In this article, we will define self-aligning plain bearings, cover how they came to be, go through their material makeup, design, and applications, then conclude with some things to think about during part selection. Additional resources will be included for further research.
What makes a bearing plain and self-aligning?
Bearings can mediate friction in two main ways: through mechanical parts like balls that roll, such as in ball bearings, or through non-mechanical parts like plastic, which can contain materials such as solid lubricants that eliminate the need of external grease and deter damage to its part. The latter mechanism, which is non-mechanical, is what is referred to as a plain bearing.
Self-aligning refers to the fact that the bearing can handle various types of motion, such as tilting, oscillating and linear motion, not just axial in the case of a rotating shaft. The key here is that something needs to be kept in some kind of horizontal, vertical or planed alignment.
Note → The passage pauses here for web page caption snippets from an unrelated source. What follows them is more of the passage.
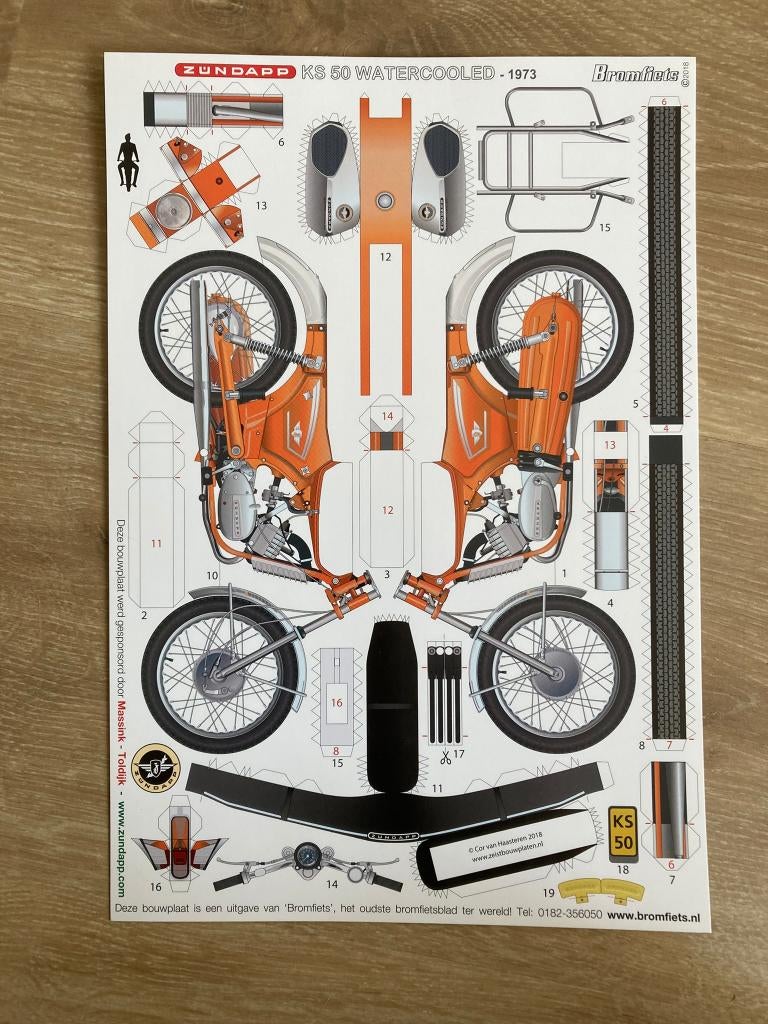 Bouwplaat Zundapp KS 50 Watercooled 1973  VERKOCHT !, Verzenden, Nieuw
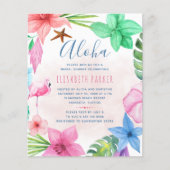 バジェットピンクのフローラ夏のブライダルシャワー招待状 (正面)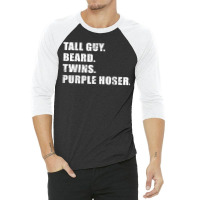 Tall Guy Beard Twins Purple Hoser Cool Christian 3/4 Sleeve Shirt | Artistshot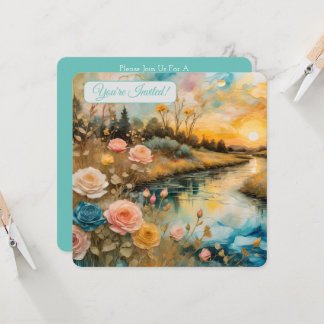 Golden Rose River Tal Sunrise Bridal V Einladung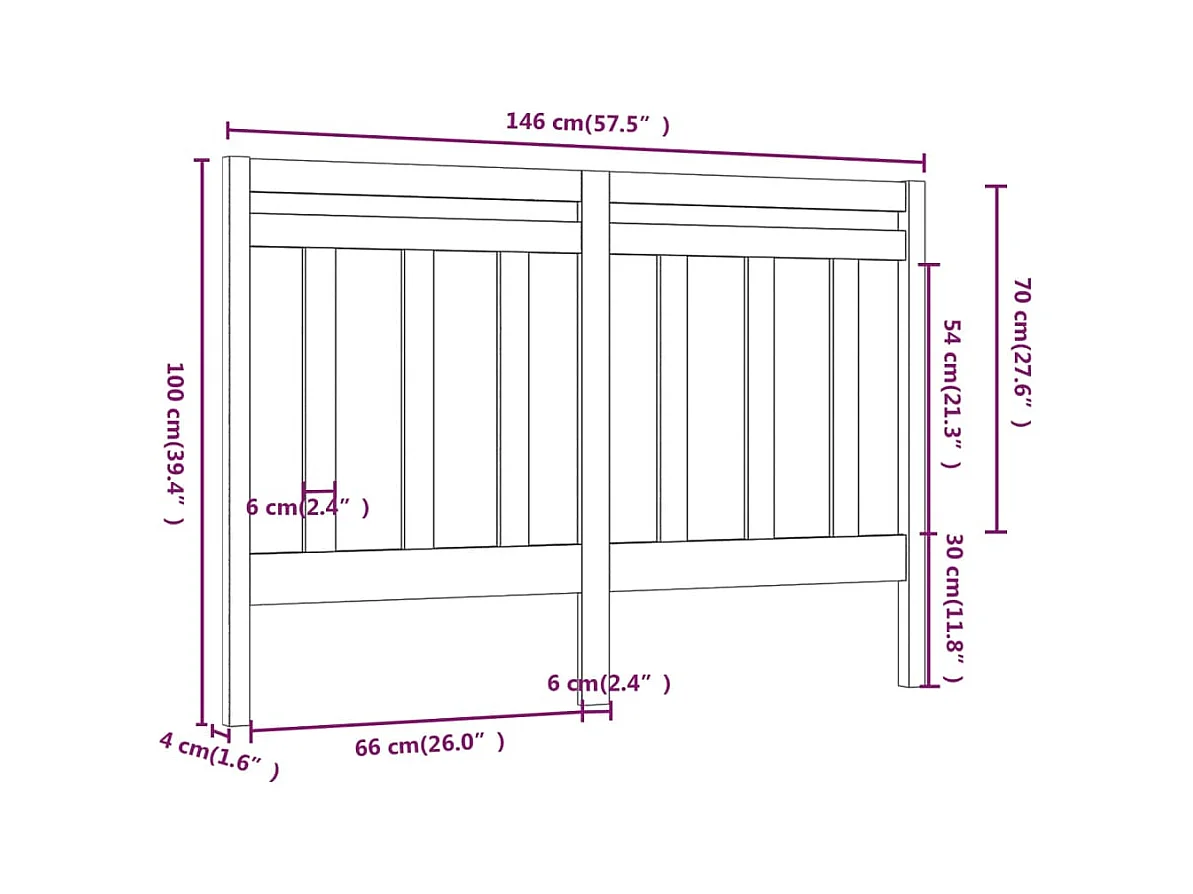 Tête de lit accessoire bois marron 146 x 4 x 100 cm TDL0203001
If that alignment or angle is not kept perfectly consistent, the bearing structure will compensate for that movement, excess friction will be avoided and the machine can continue to function without failure.
Therefore, a self-aligning plain bearing is a bearing with no mechanical parts that compensates for misalignment in a bearing system.
Self-aligning bearings are made of two pieces. First, they have an inner spherical ball. The shaft or spindle goes through the inside of that spherical ball. The latter piece is fitted in a larger piece called a housing, which can be in various designs. Some inner pieces are removable and some are fixed.
In order to suit different applications, self-aligning plain bearings come in a variety of designs. They are all united by the fact that they all compensate for misalignment in some way. They differ in shapes of their inner piece and housing.
Their two component parts can be made of different materials, usually either plastic or metal. The parts can both be plastic, as seen in the photos above, or they can both be metal or a combination of both for either the inner piece or the housing. Sometimes a metal or plastic liner will be included to reinforce the strength or flexibility of a larger design.
Plastic self-aligning plain bearings can have a number of advantages over their metal counterparts. Check out this infographic to learn about the key benefits.
Application areas are varied, including the food industry, packaging, heavy duty, automotive, renewable energy and automation.
Where did self-aligning bearings come from?
Self-aligning plain bearings come from their metal counterparts (simply called self-aligning bearings) invented in 1838 by James Nasmyth. The inventor noticed that rotating shafts would end up unevenly placed inside the supporting bearings on each end. Uneven placement would take place due to accidental “change in the level of supports of the bearings,” situation in dark places or difficulty accessing the parts. The latter two would lead to uneven installation (In modern times, it is also acknowledged that even bending shafts can be to blame). In these situations, increased friction, heat and even fires would occur.
To resolve this issue, James Nasmyth therefore invented a self-aligning metal bearing. If and when the system encounters misalignment, the bearing compensates for this error by allowing a give in the directions the motion occurs without breaking the housing or gaining excess friction. Motion compensated for would include oscillating (side to side, up and down) and linear (front to back) motion in these systems.
Self-aligning bearings have come a long way since 1838 as more material and design options are now available, including high-performance plastic spherical balls and housings that are self-lubricating, corrosion resistant, lightweight and maintenance-free.